Artnotes: Uncivilized

 Lemons in Black Beret   Laurie Fox Pessemier   Acrylic/canvas  12 x 12"  30 x 30cm
 Lavender  Laurie Fox Pessemier   Acrylic/canvas   12 x 10  30 x 25cm
 Trees in Flower Marano   Blair Pessemier   Acrylic/canvas     12 x 20"   30 x 50cm


Forget-me-nots   Laurie Fox Pessemier   Acrylic/canvas  8 x 20  20 x 50cm

 By the Panaro River in March   Laurie Fox Pessemier   Acrylic/canvas  10 x 20"  25 x 50cm

In Blossom   Laurie Fox Pessemier   Acrylic/canvas   10 x 20"  25 x 50cm

I am sitting in my sunny yard at 3:16 in the afternoon, listening to the children in the grammar school sing songs, accompanied by a piano and castanets.  Life doesn’t get much better.    My trees are growing.  The grass is cut.  

We bought a push lawn mower which is a constant source of entertainment to the Italians in the neighborhood.  As the fellow at the store says, only Americans and Germans buy these. 

I sit here working on this travel book – too many words, no structure.  Oh well.   I am going to the beach next week with Harika to finish it.  Blair is going to the US to pack up an art show for North Carolina.  We are holing up in a studio in Rimini. 

Do those kids know how romantic they are?  How magical?  Probably not.  Kids are just naturally that way.  Always busy, mostly fun, and ever so non-self-conscious.
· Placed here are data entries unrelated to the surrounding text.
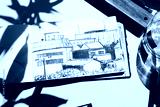 preview cold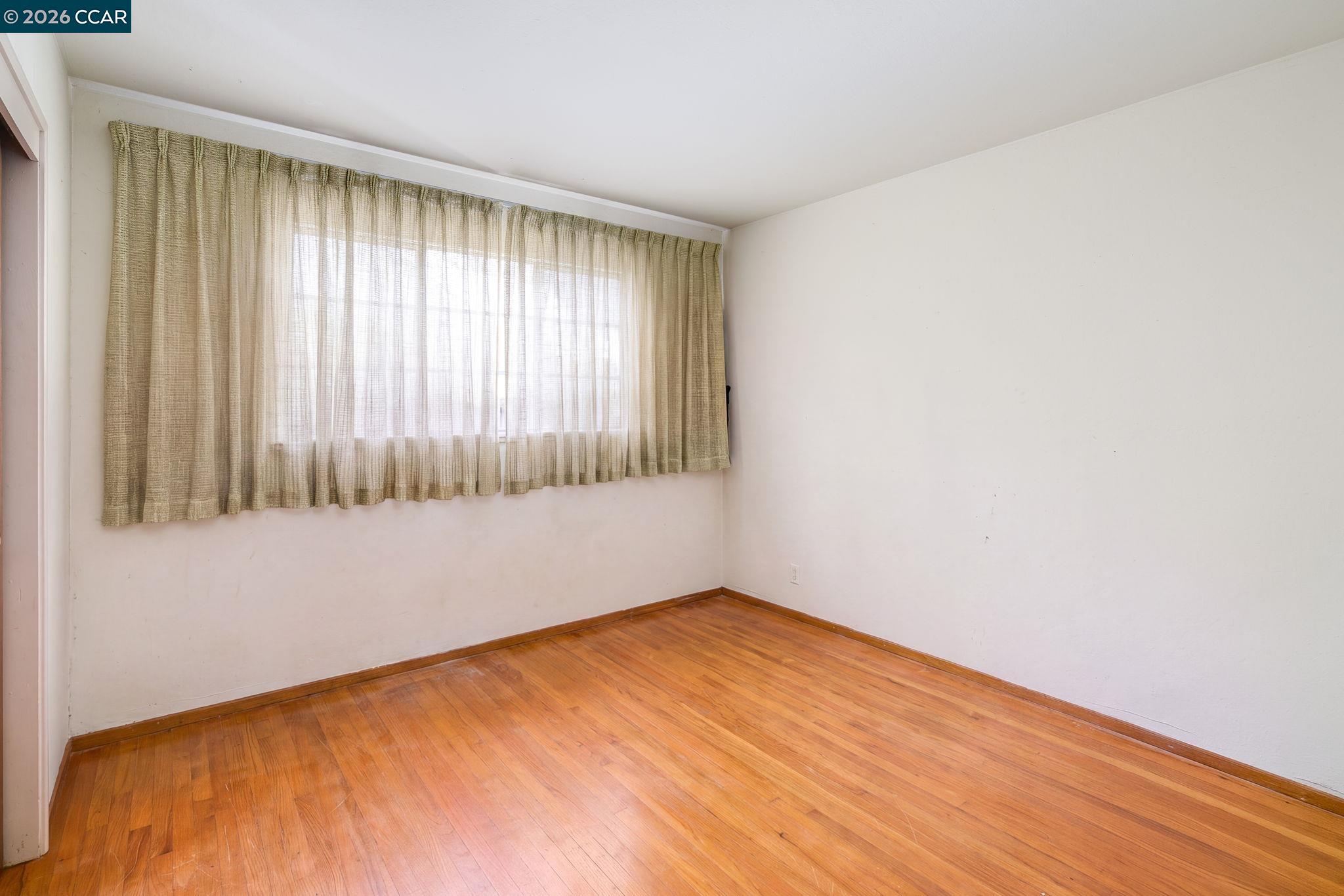 5613 Likins Ave, Martinez CA 94553 — photo 31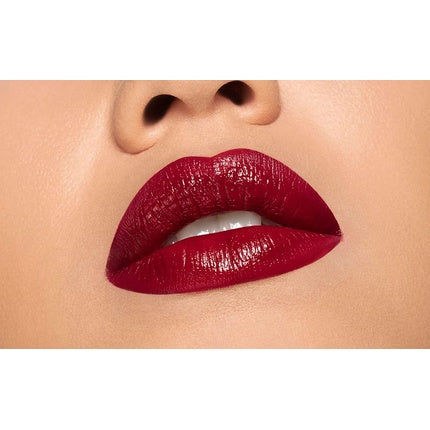 Ruj Pupa Milano Vamp! 3.5g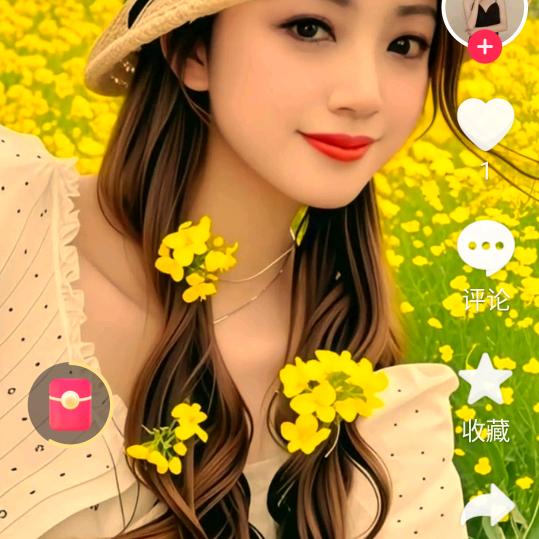 上海玉兔🐇，玉你有缘。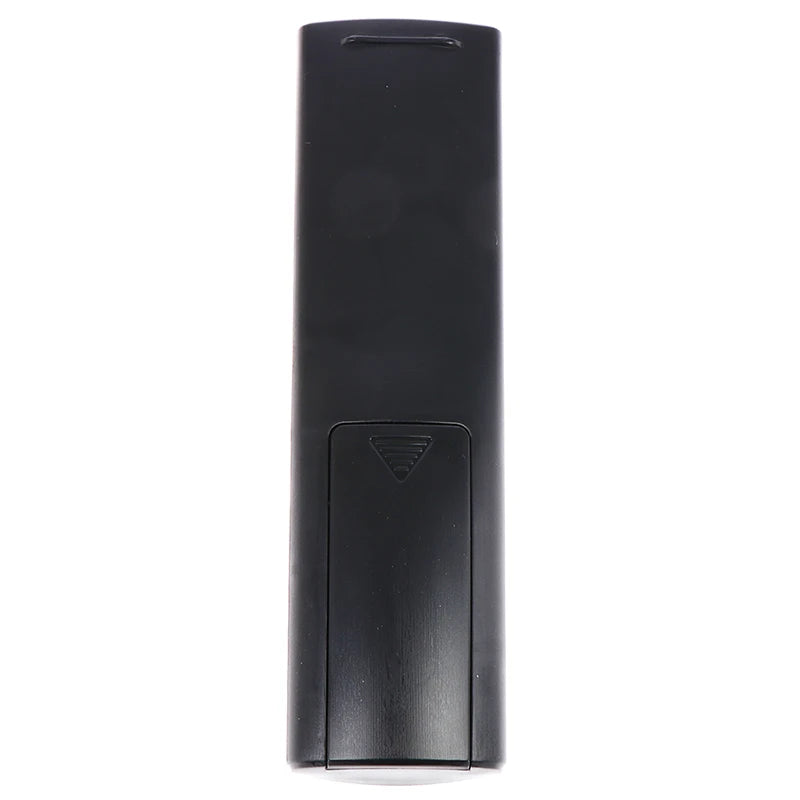 AKB75375608 Replacement Remote Control for 32LK6100 43LK5900 43LK6100 49UK6200 55UK6200 Smart TV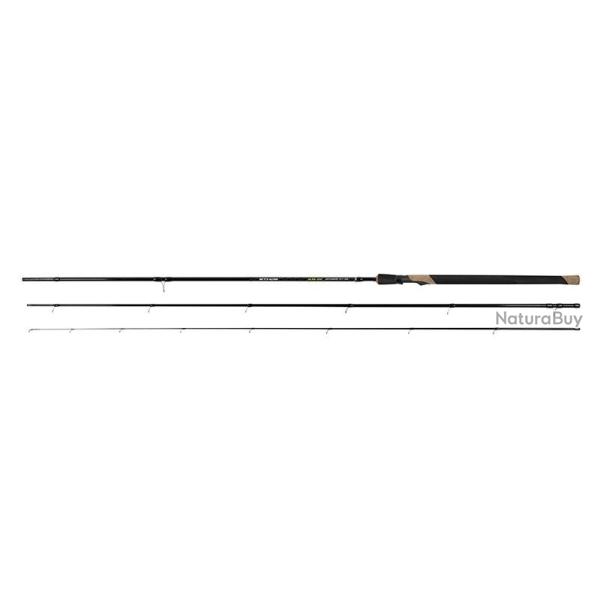 Ethos Xrw 13Ft 4.0M Waggler 30Gr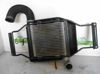 Radiador de aire, intercooler 2827127350 HYUNDAI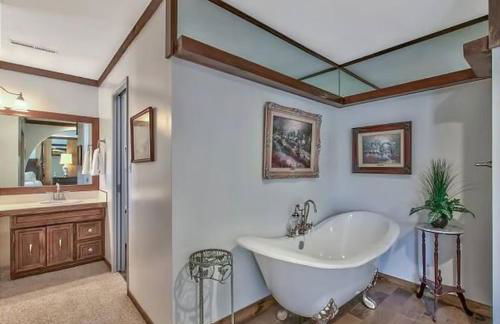 2148 Inverness Drive home - Foto 20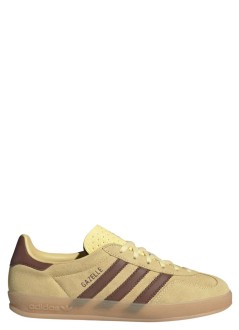 adidas originals sneaker womangazelle indoor w - ki7136 almyel prebrn gum4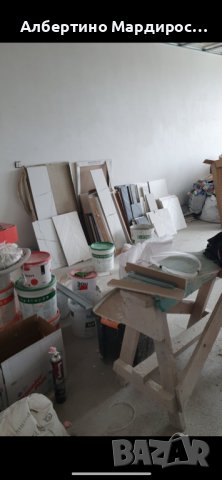 🔱НИСКИ ЦЕНИ🔱 ХАМАЛСКИ УСЛУГИ  🔱, снимка 10 - Хамалски услуги - 36553027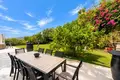 Haus 4 Schlafzimmer 285 m² Benahavis, Spanien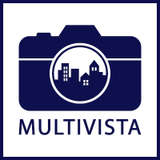 Multivista Logo
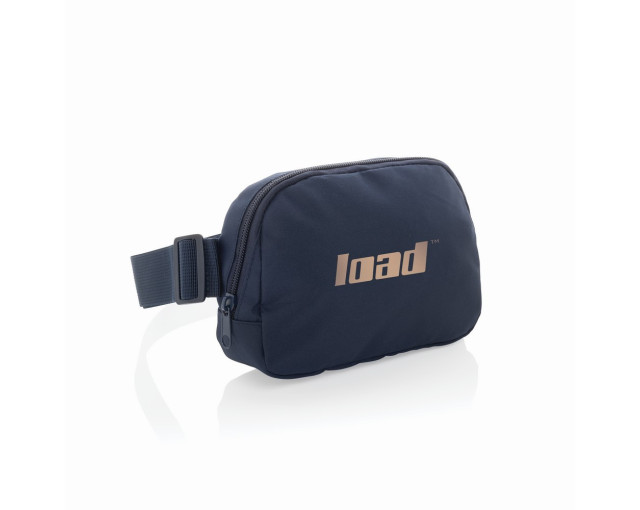 Plecak, torba na ramię Aero AWARE™ RPET z logo firmy w LazyStore!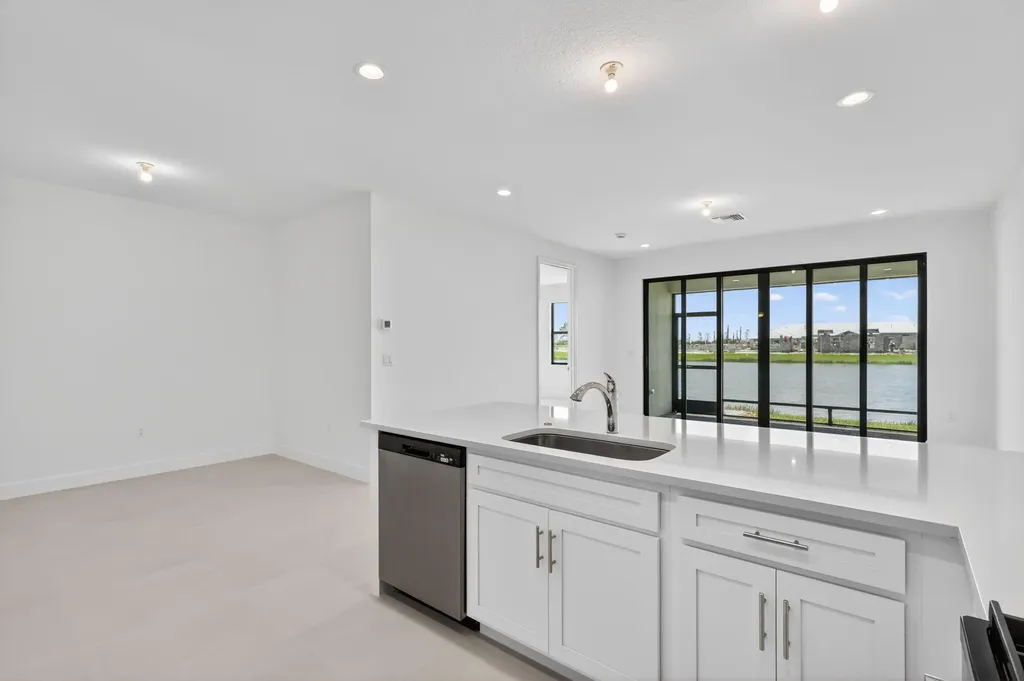 13600 SW Starkissed Lane Port St Lucie FL 34987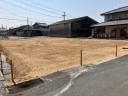 岡山市南区妹尾 売地 1,462万円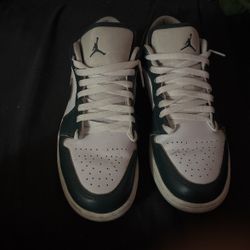 jordan 1 low se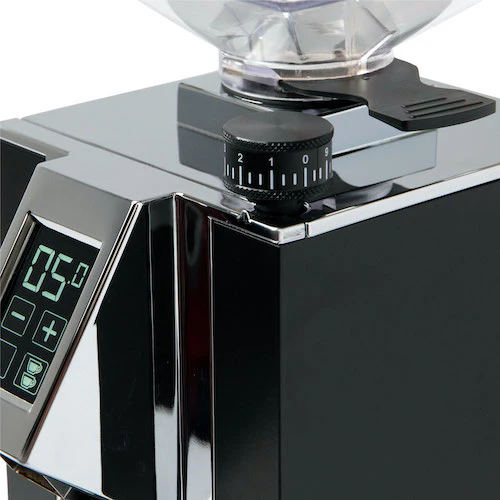 Eureka Oro Mignon XL Espresso Grinder - Image 4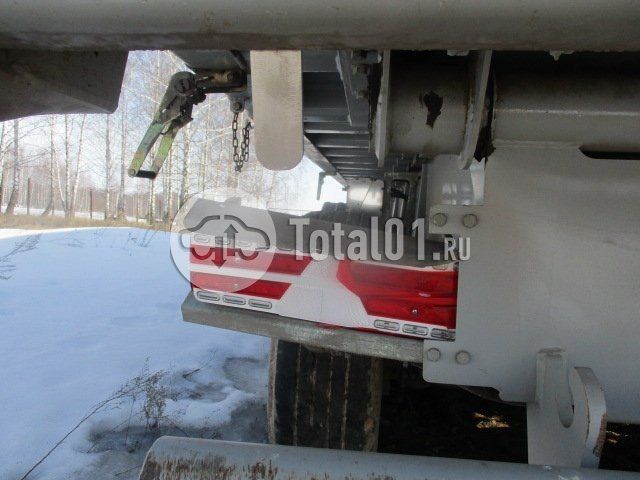 Фото Сеспель DB4U 60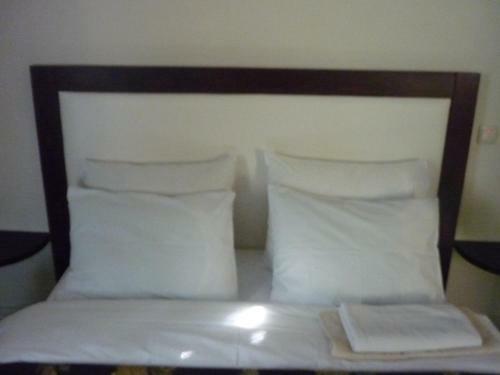 Apartamento 1????????? ????????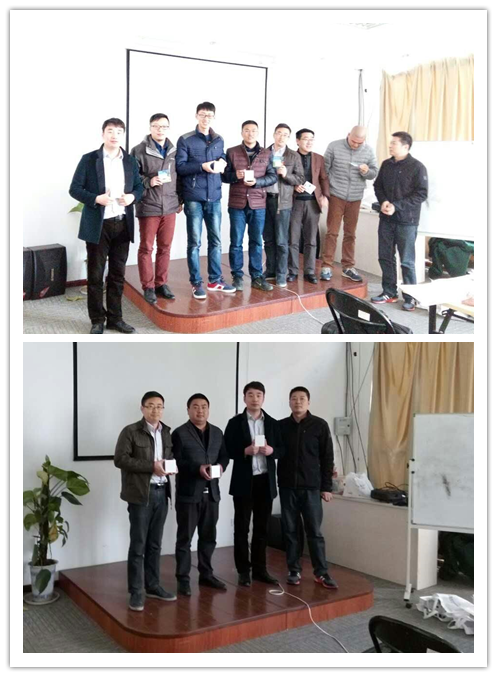 發(fā)獎(jiǎng).png 發(fā)獎(jiǎng).png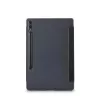 Hama Fold Clear 27.9 cm (11 inch) Folio Black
That’s it, isn’t it?  It’s when we start trying to make an impression, to behave, to act civilized we get in trouble.  Without too much civilizing, we can be spontaneous and happy.   Like my dog, Harika.  I am sorry she has no frontal lobe, and no opposable thumb, but maybe in the case of the frontal lobe she is better off.

It’s taken on the sense of a carnival up there at the school.  There seems to be a xylophone, and a drum, too.  Clapping; in rhythm.   The birds are singing.  I heard the cuckoo, a certain sign of spring, this week.

 I’ll go take a look with Harika in a few minutes.  I want to be one of them, but not the teacher.  Like parents, those authority figures can be the dream killers.   Italy is not as bad as some places we’ve lived, or maybe Italian kids are inherently immune.

Like art – ask any kid if they can paint, and they say “yes!”  Even as a professional painting grownup, I doubt myself.  


It’s taken me years to eliminate the tendency to make all trees brown.    If I were a tree, would I want to be brown?  I mean, is brown anyone’s favorite color?  OK, there are some acceptable browns:  curry, maybe, or amber.  In any case, if I were a tree I’d want to be red.  Green leaves are fine.  But they can lean toward turquoise or purple.